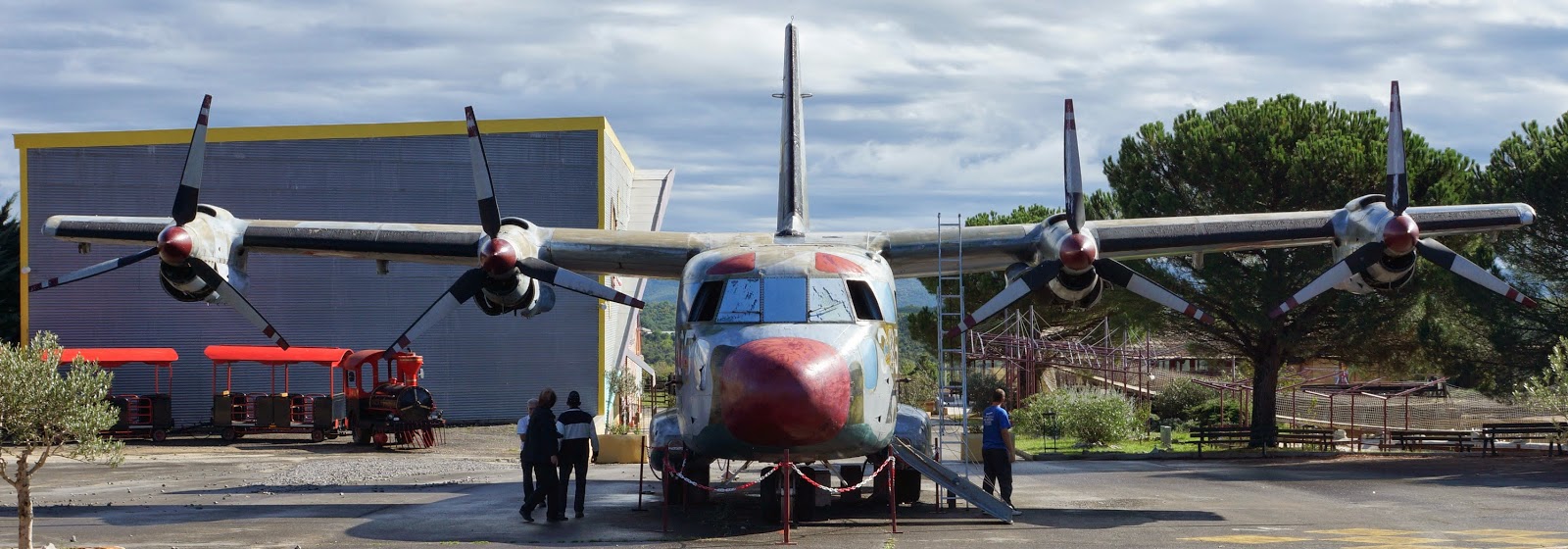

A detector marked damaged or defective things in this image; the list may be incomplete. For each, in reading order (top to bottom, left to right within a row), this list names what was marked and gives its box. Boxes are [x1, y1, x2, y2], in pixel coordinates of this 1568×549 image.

peeling paint fuselage [670, 242, 902, 461]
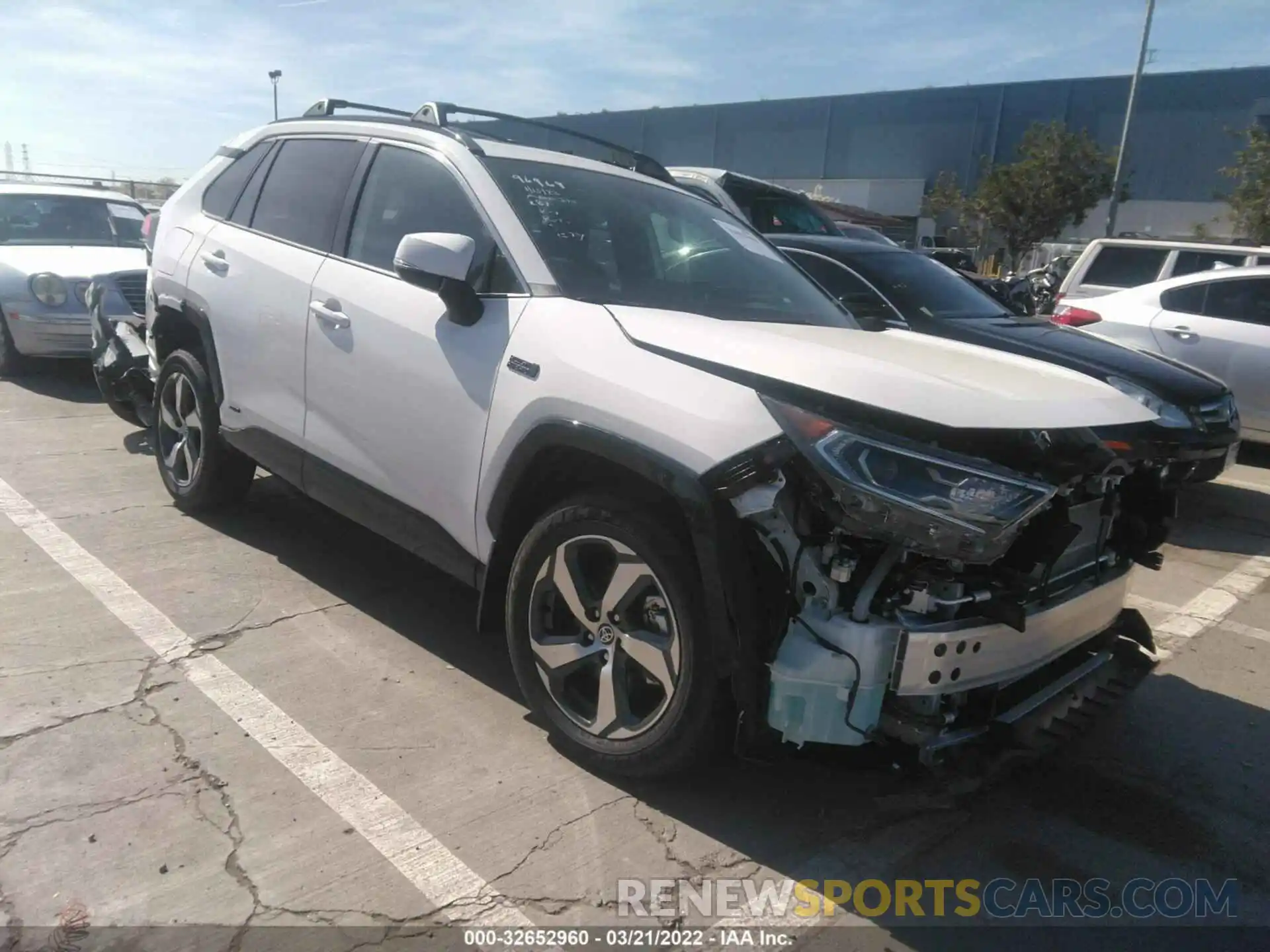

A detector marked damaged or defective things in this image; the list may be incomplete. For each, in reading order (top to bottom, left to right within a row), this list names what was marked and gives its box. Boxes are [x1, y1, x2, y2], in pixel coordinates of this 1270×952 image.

crumpled hood [0, 242, 148, 279]
damaged vehicle [0, 184, 149, 378]
cracked asphalt [2, 362, 1270, 947]
damaged vehicle [144, 100, 1164, 777]
crumpled hood [609, 305, 1159, 428]
front-end collision damage [698, 397, 1164, 762]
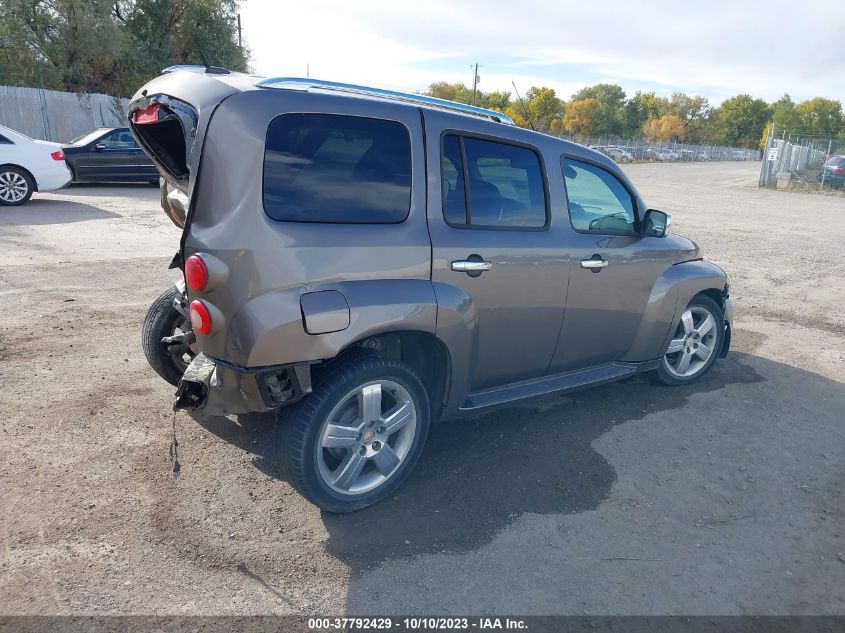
━━━━━━━━━━━━━━━━━━━━━━━━━━━━━━
**Instructions to follow:**
Apart from its pictures, the material above should be repeated exactly.

**Output for this task:**
A detector marked damaged or defective things in this image; the list may be incomplete. For each, in reading order (top to bottom, left to right within a row), this list names what was marked and gives its box. Boxes are [x1, y1, x2, y2], in pixel coordinates of this 1568×549 image.

peeling paint fuselage [670, 242, 902, 461]

A detector marked damaged or defective things in this image; the list may be incomplete. For each, in reading order (top to bottom, left to right within a row), this list names what was marked and gives its box. Boxes are [x1, y1, x2, y2], in pixel coordinates of this 1270×952 image.

crumpled hood [0, 242, 148, 279]
damaged vehicle [0, 184, 149, 378]
cracked asphalt [2, 362, 1270, 947]
damaged vehicle [144, 100, 1164, 777]
crumpled hood [609, 305, 1159, 428]
front-end collision damage [698, 397, 1164, 762]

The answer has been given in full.